* [EXERCISE GOAL]
When the records are reproduced, each one must match exactly, and no picture may be kept.

[Items listed in a dataset]
----

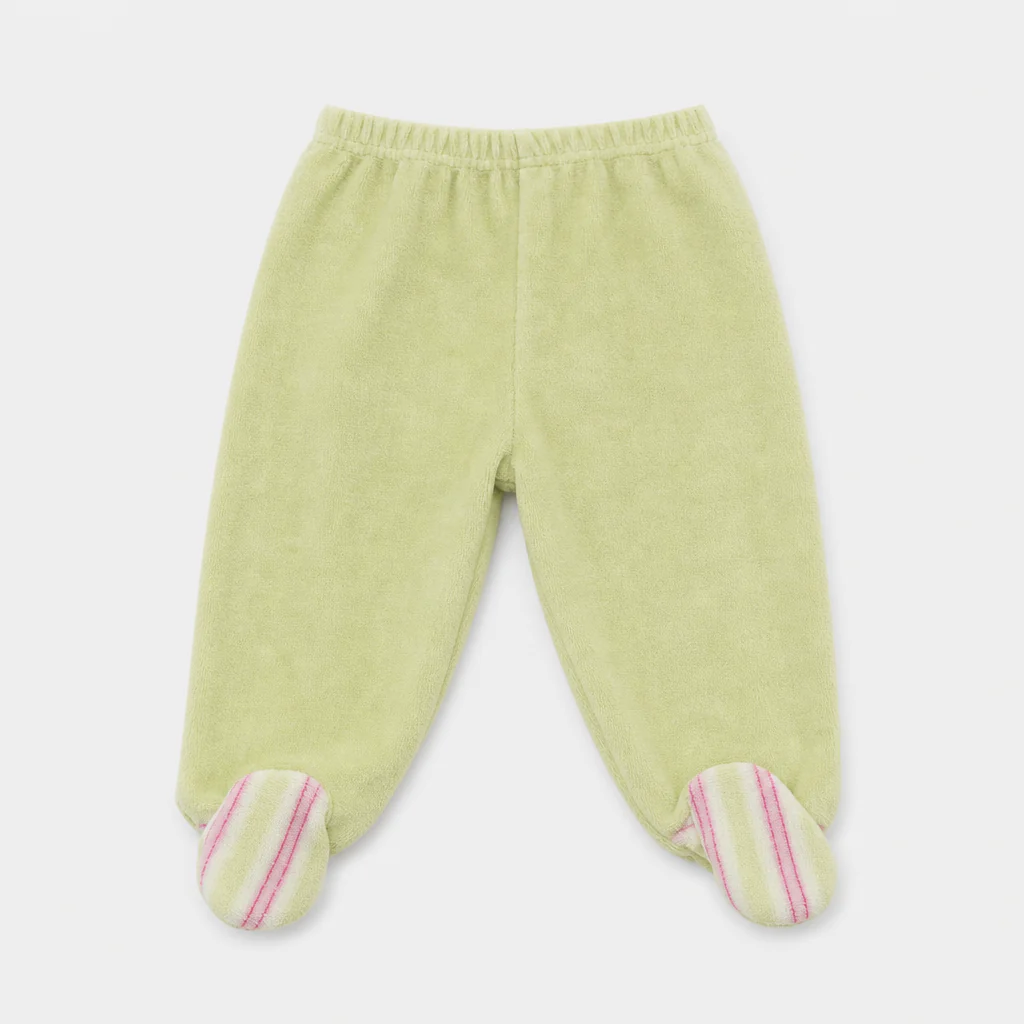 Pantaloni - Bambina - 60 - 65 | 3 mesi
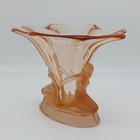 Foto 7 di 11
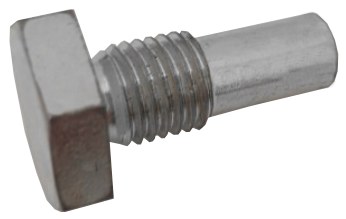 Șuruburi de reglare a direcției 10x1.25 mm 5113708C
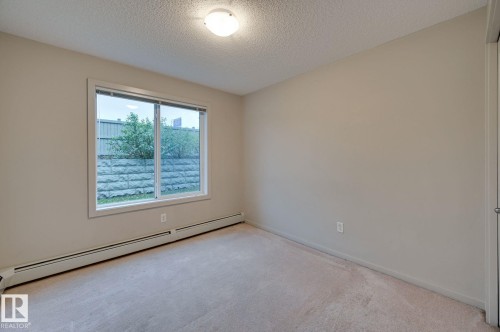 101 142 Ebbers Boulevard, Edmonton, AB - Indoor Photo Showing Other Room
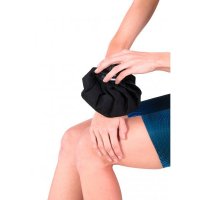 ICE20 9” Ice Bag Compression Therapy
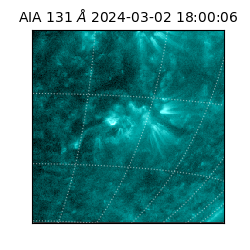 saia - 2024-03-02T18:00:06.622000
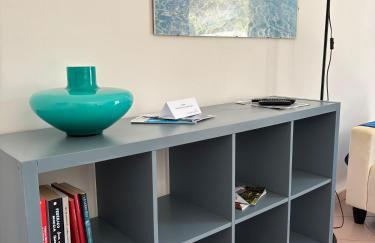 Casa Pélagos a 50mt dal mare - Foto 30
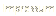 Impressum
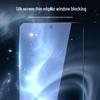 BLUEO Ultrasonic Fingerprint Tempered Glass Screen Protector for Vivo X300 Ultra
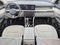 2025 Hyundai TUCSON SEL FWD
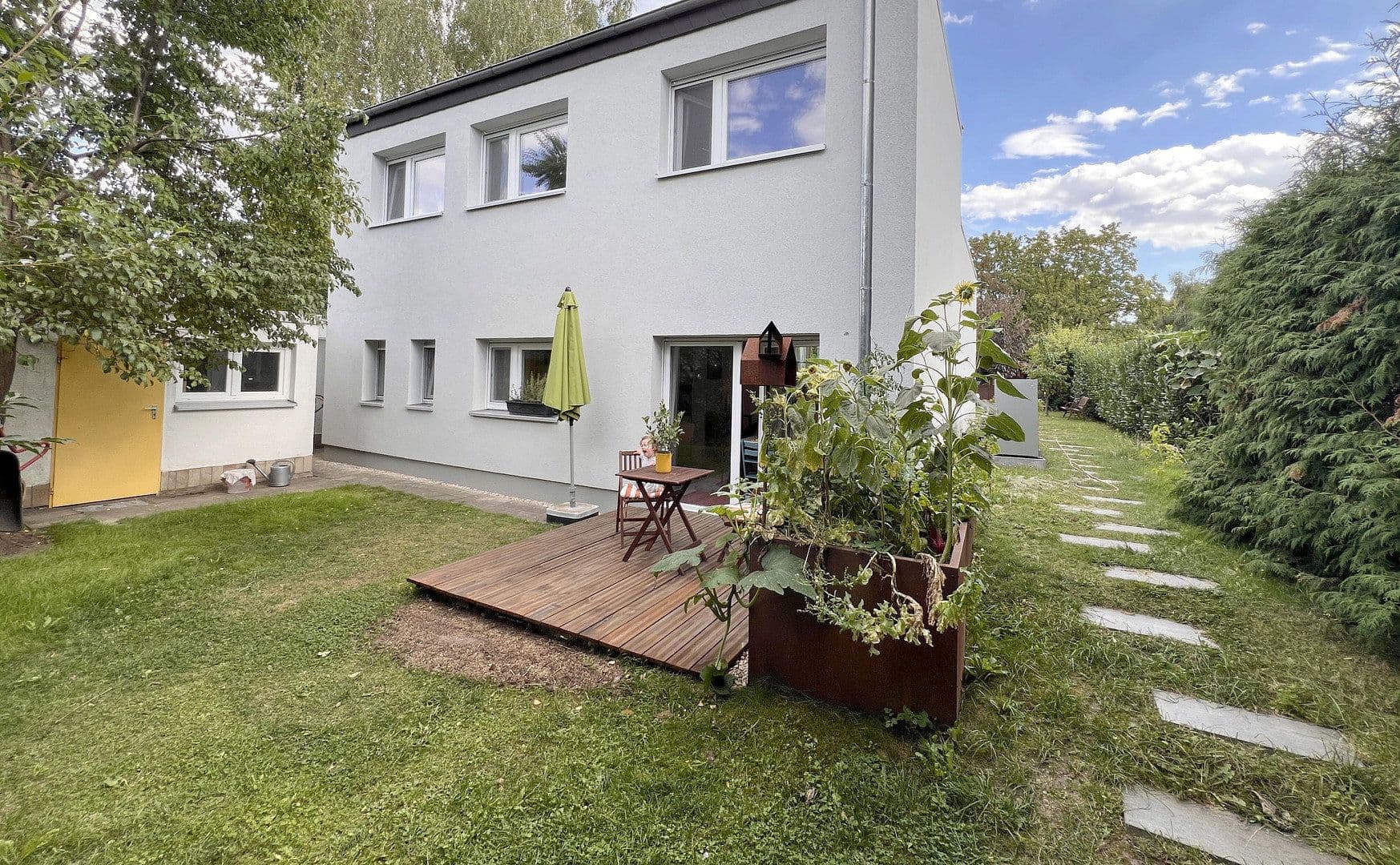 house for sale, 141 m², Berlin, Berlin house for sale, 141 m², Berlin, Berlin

----

* [ANSWER BELOW]
 Pantaloni - Bambina - 60 - 65 | 3 mesi
 Foto 7 di 11
 Șuruburi de reglare a direcției 10x1.25 mm 5113708C
 101 142 Ebbers Boulevard, Edmonton, AB - Indoor Photo Showing Other Room
 ICE20 9” Ice Bag Compression Therapy
 saia - 2024-03-02T18:00:06.622000
 Casa Pélagos a 50mt dal mare - Foto 30
 Impressum
 BLUEO Ultrasonic Fingerprint Tempered Glass Screen Protector for Vivo X300 Ultra
 2025 Hyundai TUCSON SEL FWD
 house for sale, 141 m², Berlin, Berlin house for sale, 141 m², Berlin, Berlin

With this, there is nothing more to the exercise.